UCA’s academic programs have been scaled back. Several professors have fled the country in fear. At least one senior editor and writer for UCA’s journals barely missed encountering a death squad of heavily armed men in civilian clothes at his home. He has now taken refuge in another Latin American country.

Many lesser known Salvadorans have fled as well. Jesuit seminarians have arranged visas for people who feel particularly targeted to flee to Canada–it is not possible to obtain such visas from the United States. But others have been smuggled into the United States illegally by the religious-based sanctuary movement.
But most Salvadorans don’t have the luxury of flight. For them, violence is a recurring agony to be endured.

Nevertheless, there is some reason for hope. In the wake of the November offensive, an increasing number of players on all sides of the conflict have come to see that a negotiated settlement, rather than a military victory, would indeed be the best solution. The slain Jesuits certainly believed this. It is worth noting that as a community the Jesuits believe that the most efficacious way to bring about genuine negotiations is to cut U.S. aid to the Salvadoran government and army.

I was recently invited to a base Christian community meeting. It took place in one of the areas I had reported from during the fighting, the same community in which I had learned of the UCA massacre.

A family had invited me to commemorate a previous tragedy–the ninth anniversary of their son’s death. In 1981, along with 25 other young men from his community, he had been dragged from his home and shot by army soldiers.

A Christian catechist, brother of the murdered man, led the ceremony. After a short reading he asked, “What is the fruit of his death?”

“Well,” said a peasant woman, addressing the mother, “the fruit of his death is in the children you still have.”
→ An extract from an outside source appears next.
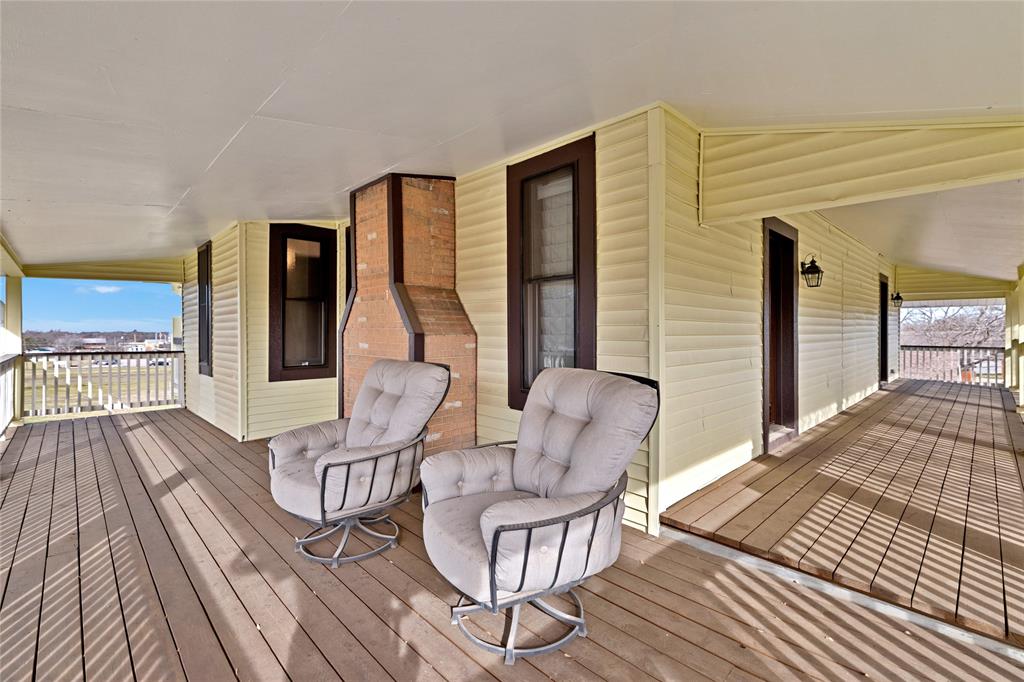304 North Church Street Pilot Point, TX 76258 - Photo 37 of 40 a view of a livingroom with furniture window and wooden floor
“But,” responded another, “we are all children of God. The fruit is in all the children, all of us. ”
But the mother had a different answer: “For me, I cope with his death by giving to other children who have no one else.” A seemingly frail woman, the mother, since her son’s death, has tenaciously managed a home for children abandoned or orphaned because of the war. “I had a choice,” she said. “I could have gone into despair. But I decided to make something good come out of it.”

It’s possible there may be no negotiations in EI Salvador–and no cuts in U.S. aid. I wonder, what then would be the fruit of the Jesuits’ deaths?

Frank Smyth lived in El Salvador during the 1980s, serving as a radio report for CBS News and reporting for The Village Voice and other publications.